Lineage reconstruction currently has the following limitations:

  • The object, and any of its transitive dependencies, must have been generated by a task (actor or non-actor). This means that objects created by ray.put are not recoverable.

  • Tasks are assumed to be deterministic and idempotent. Thus, by default, objects created by actor tasks are not reconstructable. To allow reconstruction of actor task results, set the max_task_retries parameter to a non-zero value (see actor fault tolerance for more details).

  • Tasks will only be re-executed up to their maximum number of retries. By default, a non-actor task can be retried up to 3 times and an actor task cannot be retried. This can be overridden with the max_retries parameter for remote functions and the max_task_retries parameter for actors.

  • The owner of the object must still be alive (see below).

Lineage reconstruction can cause higher than usual driver memory usage because the driver keeps the descriptions of any tasks that may be re-executed in case of failure. To limit the amount of memory used by lineage, set the environment variable RAY_max_lineage_bytes (default 1GB) to evict lineage if the threshold is exceeded.

To disable lineage reconstruction entirely, set the environment variable RAY_TASK_MAX_RETRIES=0 during ray start or ray.init. With this setting, if there are no copies of an object left, an ObjectLostError will be raised.

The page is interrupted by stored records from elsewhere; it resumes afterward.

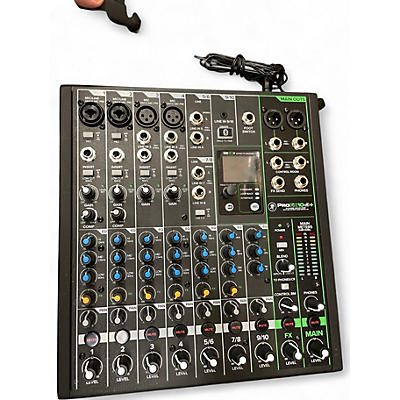 Used Mackie PROFX10 V3+ Unpowered Mixer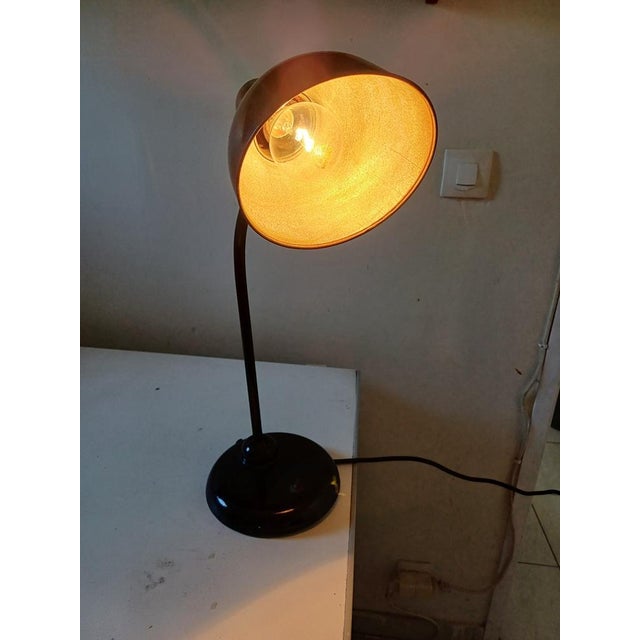 Vintage Bauhaus Lamp by Christian Dell, 1931 For Sale - Image 10 of 11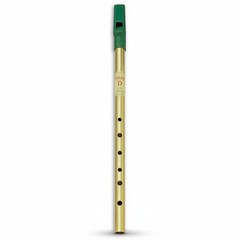 Brass Irish Whistle Key Of C Tin Whistle For Beginner Intermediate Expert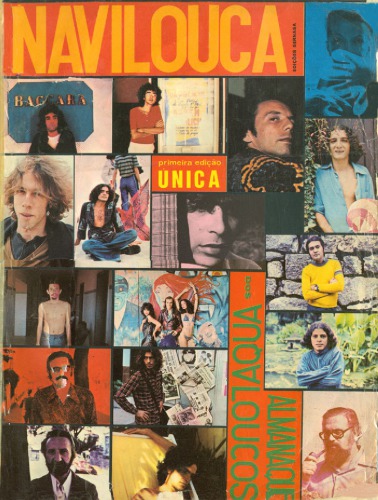 Navilouca - almanaque dos aqualoucos (quase completa, meio incompleta - 80/95 pgs.)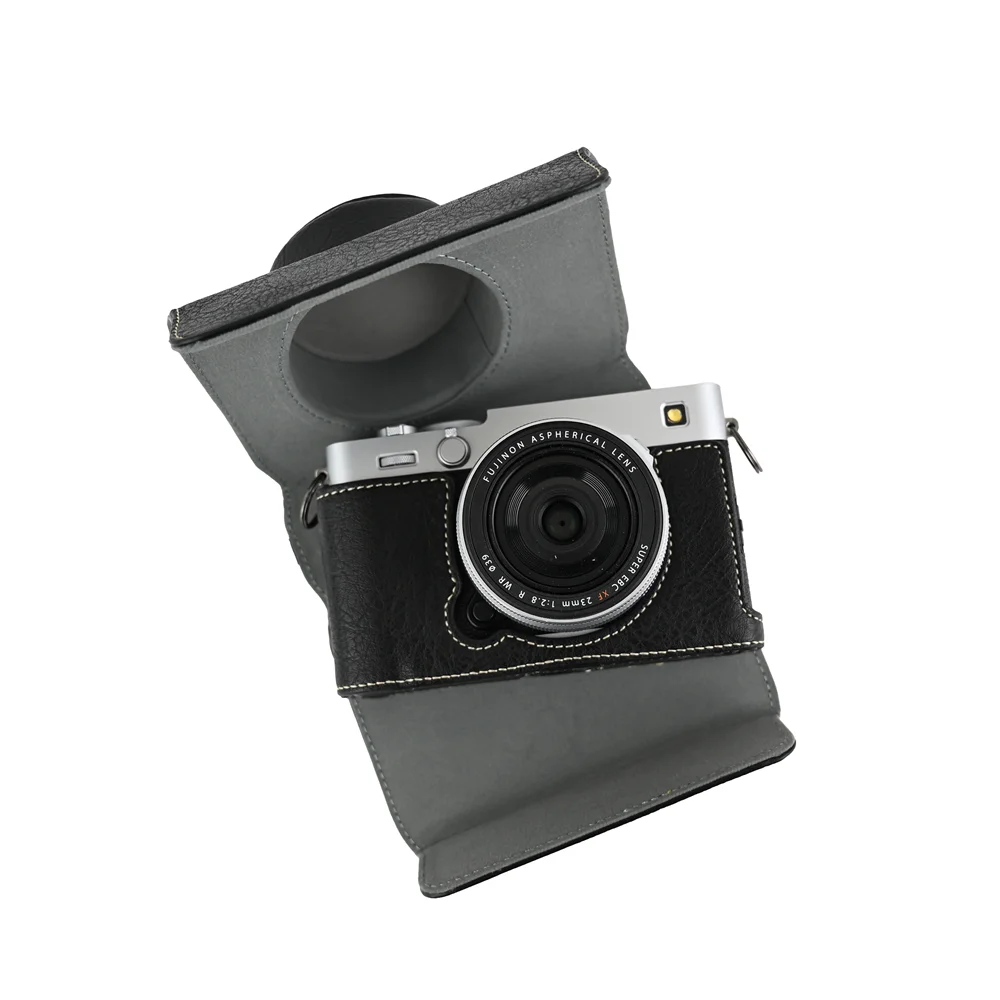 PU Leather Case for Fujifilm X-E5 Fuji XE5 Camera Storage Bag Hard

Recovering from owner failure#

The owner of an object can die because of node or worker process failure. Currently, Ray does not support recovery from owner failure. In this case, Ray will clean up any remaining copies of the object’s value to prevent a memory leak. Any workers that subsequently try to get the object’s value will receive an OwnerDiedError exception, which can be handled manually.

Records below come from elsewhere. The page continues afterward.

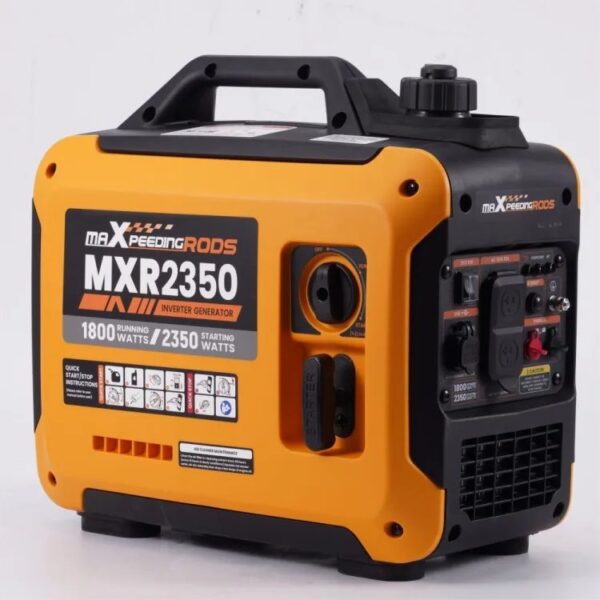 Generador inversor portátil MaXpeedingrods de 2350 W, equipo ligero de gasolina .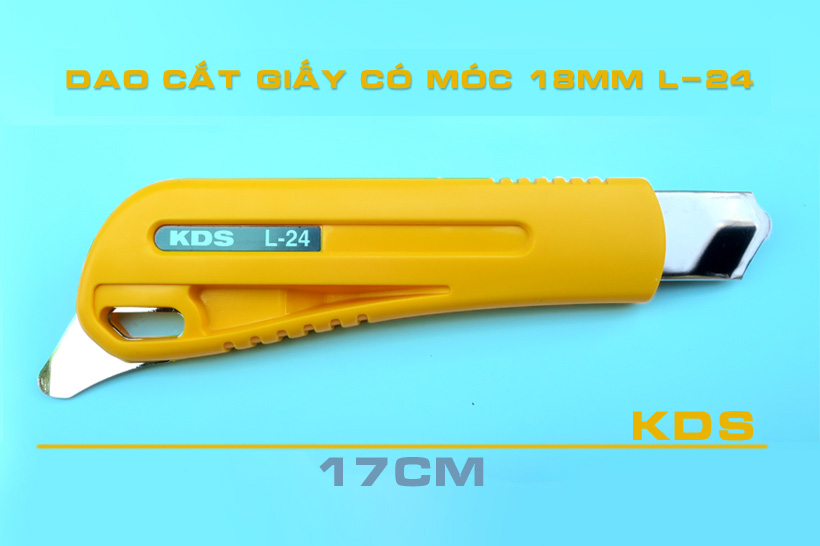 dao rọc giấy KDS L-24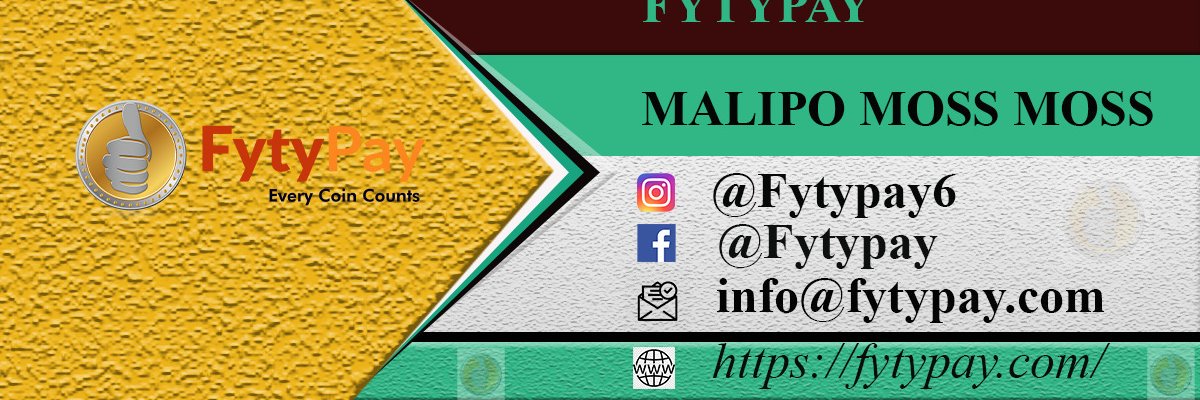 FytyPay's profile banner image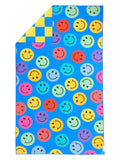 Smiley Pool Towel: Reversible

Understanding ObjectLostErrors#

Ray throws an ObjectLostError to the application when an object cannot be retrieved due to application or system error. This can occur during a ray.get() call or when fetching a task’s arguments, and can happen for a number of reasons. Here is a guide to understanding the root cause for different error types:

  • OwnerDiedError: The owner of an object, i.e., the Python worker that first created the ObjectRef via .remote() or ray.put(), has died. The owner stores critical object metadata and an object cannot be retrieved if this process is lost.

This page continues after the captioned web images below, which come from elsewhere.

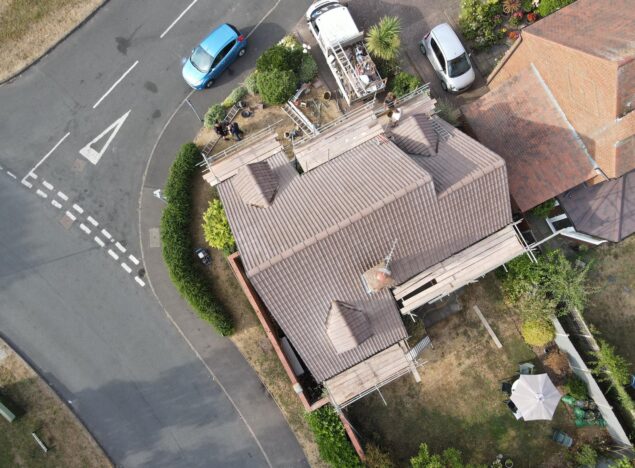 New roof fitted in stourport on Severn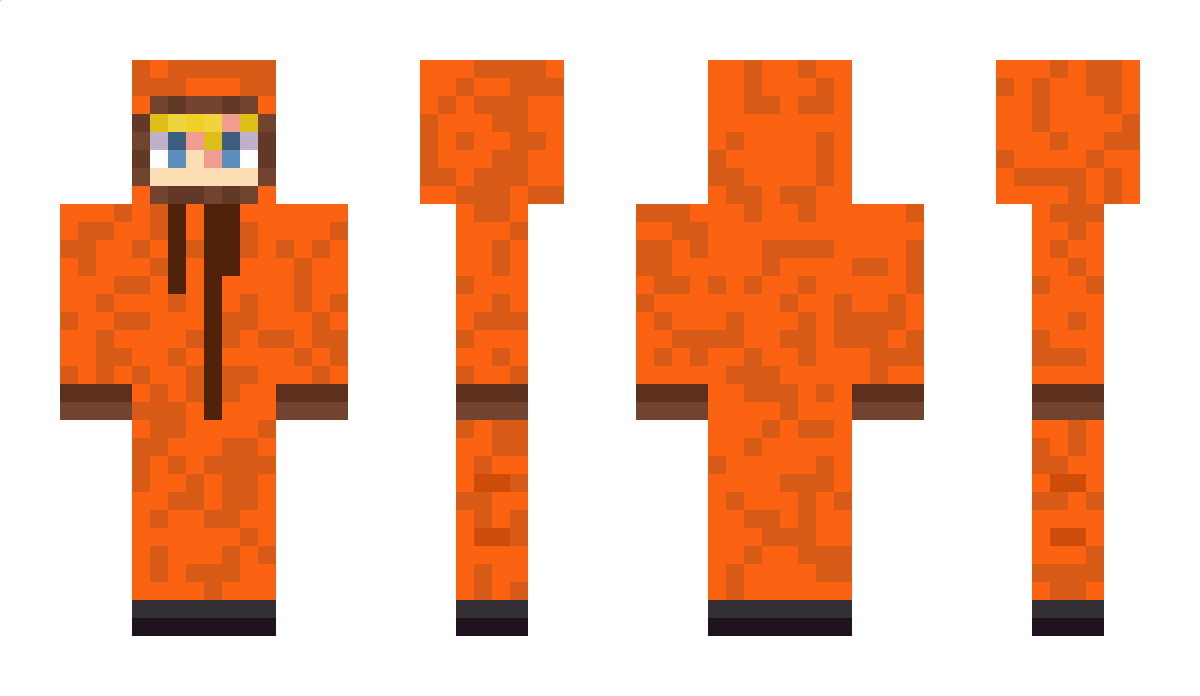 MrKennyGod Minecraft Skin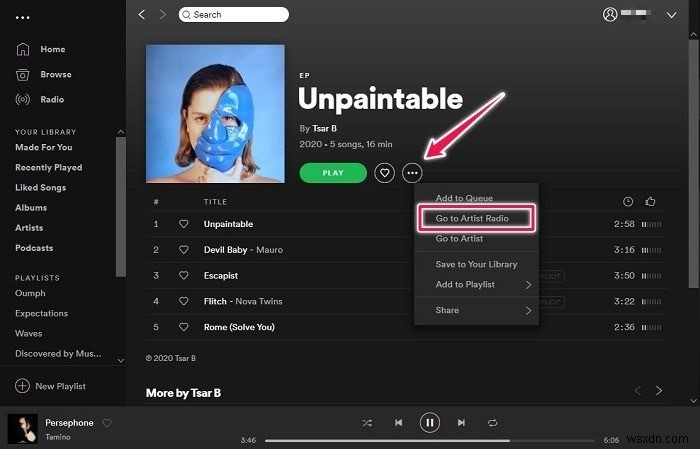 Spotify पर रेडियो स्टेशन कैसे बनाएं और नया संगीत कैसे खोजें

  • ObjectReconstructionFailedError: This error is thrown if an object, or another object that this object depends on, cannot be reconstructed due to one of the limitations described above.

  • ReferenceCountingAssertionError: The object has already been deleted, so it cannot be retrieved. Ray implements automatic memory management through distributed reference counting, so this error should not happen in general. However, there is a known edge case that can produce this error.

  • ObjectFetchTimedOutError: A node timed out while trying to retrieve a copy of the object from a remote node. This error usually indicates a system-level bug. The timeout period can be configured using the RAY_fetch_fail_timeout_milliseconds environment variable (default 10 minutes).

  • ObjectLostError: The object was successfully created, but no copy is reachable. This is a generic error thrown when lineage reconstruction is disabled and all copies of the object are lost from the cluster.